Por lo demás, todo está bien. En su casa la aceptan, con su mamá no hay líos y con el padre, antes de morir, tampoco los hubo. Problemas tuvo Jenny en la escuela cuando ya quería travestirse desde los 14 años, y no la dejaban llevar el pelo largo a la escuela, y entonces tenía que hacerse un moño apretado en la nuca. La han bajado de los carros cuando pide botella y el chofer, coqueto, le pregunta algo y se da cuenta de que la voz no coincide ni con los ojos, ni con la boca, ni con los gestos; la han asaltado para robarle la ropa; se han apartado los hombres cuando viene caminando, pero nada de eso es lo peor, sino lo mismo que le sucede a casi todos los travestis. Lo peor es que Jenny quiere trabajar, y no hay trabajo para Jenny en la ciudad de Matanzas. Otros consiguen pero ella no. Estudió economía, y le gustan los números y sacar cuentas, y a sus 25 años no consigue trabajo. Hay plazas, hay puestos que ocupar, pero nadie quiere contratar a Jenny y le hace falta ganar dinero. Lleva pantalón y blusa con escote, pelo rubio casi blanco, largas pestañas maquilladas y se encuentra en el Café Biscuit. “Los matanceros a veces son crueles”, me dice. “Ya a mí no me importa, pero no te creas que es tan fácil para un travesti”. Al rato alguien pasa por la calle Contreras, se detiene en una ventana del Café Biscuit, mira dentro y grita: “Rubia, locota”.

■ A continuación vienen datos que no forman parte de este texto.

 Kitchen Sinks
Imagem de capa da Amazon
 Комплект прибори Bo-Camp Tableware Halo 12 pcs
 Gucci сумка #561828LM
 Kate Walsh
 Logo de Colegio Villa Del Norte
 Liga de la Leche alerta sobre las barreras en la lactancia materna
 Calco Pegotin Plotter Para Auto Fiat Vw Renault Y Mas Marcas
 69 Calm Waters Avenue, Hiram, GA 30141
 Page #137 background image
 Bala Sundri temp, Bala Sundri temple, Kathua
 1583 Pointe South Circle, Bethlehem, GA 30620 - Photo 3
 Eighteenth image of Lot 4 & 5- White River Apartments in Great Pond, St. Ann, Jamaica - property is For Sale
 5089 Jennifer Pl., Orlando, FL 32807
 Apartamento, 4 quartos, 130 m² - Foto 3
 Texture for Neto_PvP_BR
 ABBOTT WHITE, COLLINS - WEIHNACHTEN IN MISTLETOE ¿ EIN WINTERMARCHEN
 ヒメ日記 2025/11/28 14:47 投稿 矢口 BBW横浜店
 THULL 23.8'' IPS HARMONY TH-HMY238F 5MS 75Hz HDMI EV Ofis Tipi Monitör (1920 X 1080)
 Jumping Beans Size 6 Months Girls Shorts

El Café Biscuit abre de siete de la mañana a siete de la noche. Los precios son baratos y las tazas de café están sucias, sucísimas. Hay gente que pasa, mira y sigue, y otras que ni miran. Esa debe ser gente feliz. Pero si usted no es esa gente, y anda un día de estos por Matanzas, llegue al Café Biscuit. Se está bien bajo la decadencia del sitio, si usted es un infortunado, claro. Pero si no lo es, sáquese los pesos del bolsillo, invéntese una historia triste, ordene un Expreso, y compruebe que el infortunio, por qué no, también es un estado placentero.

 Yo me iba y nadie más se iba: ni las muchachas, ni Jenny y su grupo de amigas, ni las parejas de la mesa del centro, ni las mujeres de cincuenta y tanto, ni los hombres mulatos. Uno de los hombres mulatos me detiene y luego dice: “Niña, quita esa cara de mierda y acaba de serle infiel a tu marido”.